La
insigne filósofa hebrea Hannah Arendt nos ha legado iluminadores estudios sobre
el totalitarismo, principalmente el nazi de Alemania y el fascista de Italia y
España: Hitler, Mussolini y
Franco, con sus correspondientes aplicaciones a Rusia, y Cuba en estos días,
por más de medio siglo.
Como
contraste palmario con esos totalitarismos, en que un hombre o un grupo se
atribuye a sí mismo el monopolio de la verdad y la virtud --- a palo limpio, de
cárcel y muerte contra los que reclaman libertades individuales y civiles
contra las pretensiones omnímodas y omniscientes del Estado.
La
fuente moderna de impugnación de ese totalitarismo lo ubicó la profesora Arendt
en el pensamiento político que gestó la revolución norteamericana, cuajado en
su Constitución y en su praxis política de dos siglos. Destaca para ello la estudiosa que John
Adams, el segundo Presidente de la nación --- de 1797 al 1801 --- sentó la base
filosófica para la esperanza republicana y democrática de un gobierno justo y
eficaz. Porque, decía John Adams,
esa esperanza y posibilidad sólo se afinca en la realidad si el político
considera la felicidad pública como su propia felicidad, porque la primera es
condición de la segunda. Piense,
si no, el lector ¿cómo sería posible el político feliz que gobierna sobre una
sociedad desgarrada, violenta, empobrecida y escéptica, en otras palabras,
infeliz?
Tal
intuición filosófica y valorativa plantea nada menos que el abismático problema
de la motivación en la vida pública:
¿a qué va el político a esa vida pública, si no es a producir, con sus
muchas o pocas luces, la felicidad pública, condición de su propia felicidad?
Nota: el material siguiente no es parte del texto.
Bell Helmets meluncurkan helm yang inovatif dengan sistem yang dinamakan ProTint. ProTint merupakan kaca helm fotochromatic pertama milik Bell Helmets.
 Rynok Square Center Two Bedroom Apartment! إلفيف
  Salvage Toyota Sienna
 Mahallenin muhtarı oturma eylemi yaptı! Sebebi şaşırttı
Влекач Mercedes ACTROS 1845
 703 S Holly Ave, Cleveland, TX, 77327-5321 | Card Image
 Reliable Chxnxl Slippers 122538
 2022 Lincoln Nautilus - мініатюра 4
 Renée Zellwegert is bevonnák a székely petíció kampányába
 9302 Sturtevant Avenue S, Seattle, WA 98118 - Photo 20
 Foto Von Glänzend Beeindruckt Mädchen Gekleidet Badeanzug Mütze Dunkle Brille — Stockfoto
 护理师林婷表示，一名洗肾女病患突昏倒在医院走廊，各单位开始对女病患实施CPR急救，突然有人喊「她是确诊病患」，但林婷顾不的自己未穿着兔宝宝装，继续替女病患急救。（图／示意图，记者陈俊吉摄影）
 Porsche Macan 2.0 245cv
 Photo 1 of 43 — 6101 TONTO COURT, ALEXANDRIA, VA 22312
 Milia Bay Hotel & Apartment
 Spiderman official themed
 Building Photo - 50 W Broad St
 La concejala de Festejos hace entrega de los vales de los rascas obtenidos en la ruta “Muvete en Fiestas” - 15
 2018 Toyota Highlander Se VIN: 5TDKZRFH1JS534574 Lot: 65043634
Recientemente le escuché expresar al ex Presidente
Bill Clinton un pensamiento gemelo al de John Adams. “La vida privada”, dijo, “es mucho más deseable que la vida
pública, pero eso es así sólo si la política lo permite”.
Aplique
el lector esa doctrina --- que yo suscribo --- a nuestra presente condición política
y social en Puerto Rico. ¿Es
posible optar por el retiro a la felicidad privada huyéndole a la infelicidad
pública que nos rodea? ¡Piénselo!
“The heaviest penalty for declining to rule is to be ruled by someone inferior to yourself.”